Karén Mirzoyan chose to photograph people in Armenia, where he lives, who had seriously considered or unsuccessfully attempted suicide.

He noticed that within his subjects, a fire had been rekindled when they failed to kill themselves.

“Something or someone prevented them from committing suicide at the last moment. These are people who have been very close to death by their own hand,” says Karen, who currently works for the armenianow.com online magazine in Armenia after four years as a photojournalist with a number of publications in the country.

He has also exhibited in Armenia and undertaken a number of photographic projects. Karen lives in Yerevan and attended a World Press Photo seminar there in 2004.

“The subject is very topical in Armenia where the number of suicides grows,” he continues. During 2004, three hundred and fifty five people took their own lives. During the first four months of 2005 another 131 people are dead.”

“But these are just statistics. I am very interested about the thoughts a person has during his or her last seconds, what makes them take the step.”

The people who agreed to be photographed do not show the faces they had at the time of their unsuccessful attempts, says Karen. Indeed, many of them now laughingly look back on a difficult period of their life.

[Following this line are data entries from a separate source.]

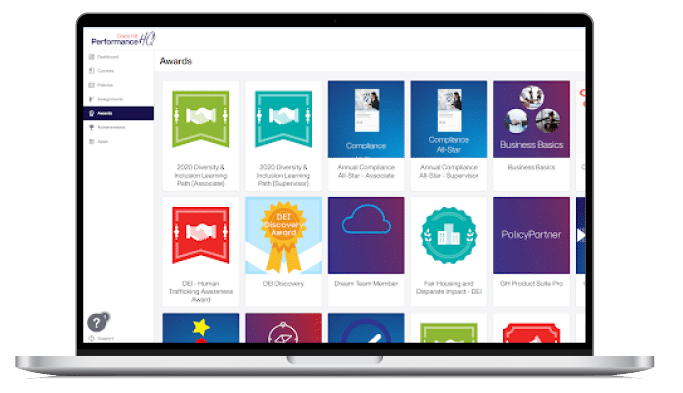 laptop mockup of performancehq training awards dashboard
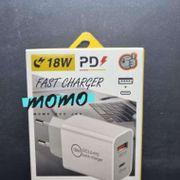Free Ongkir Adaptor Kepala Charger Dual Port Usb + Type C Fast Charging Pd 18W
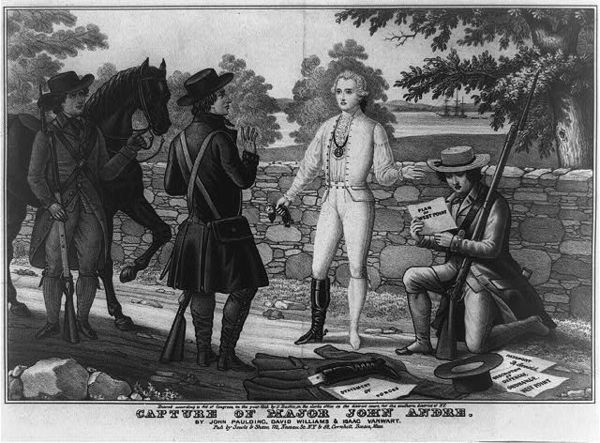 1845 lithograph of André's capture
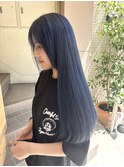 ブルー多めのブラック(ブリーチ一回)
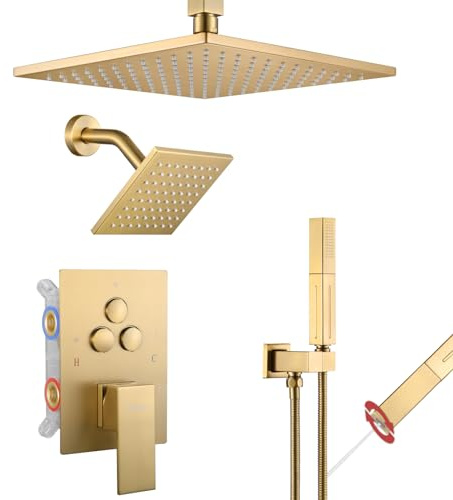 VANFOXLE Shower Faucet Set Brushed Gold Shower System, Push Button Diverter Shower Faucet with Trim Kit, Ceiling Mount 10 Inch Shower Head Increased Thick, 6 Inch Side Shower Head, 2-in-1 Handheld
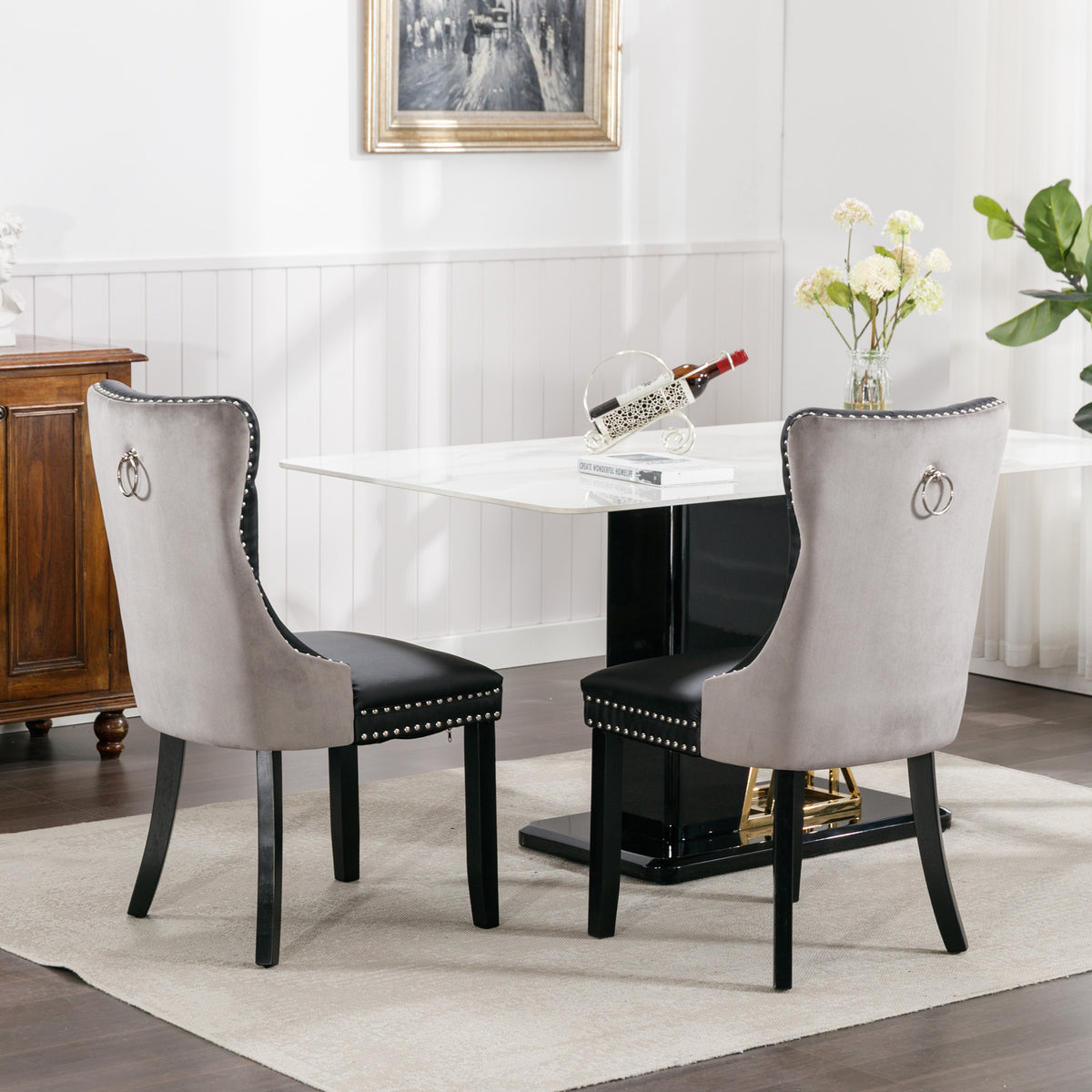 Tufted PU Dining Chairs Set of 2 Black Gray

Tatevik Yeganyan from Yerevan in Armenia, attempted suicide on her eighteenth birthday in June 2003, in Spain.

Now twenty, Tatevik had been having problems with her adopted parents, which is why she was sent to Spain. When her mother failed to ring her on her birthday, Tatevik considered throwing herself out of a window on the second floor.

However, imagining herself after the suicide lying on the ground she changed her mind. Tatevik thought relations with her parents would change when she returned home but they didn’t.

Tatevik did make an unsuccessful attempt by cutting her veins after her return to Armenia hoping, she says, to draw her parents’ attention to her and the treatment she was receiving from her mother.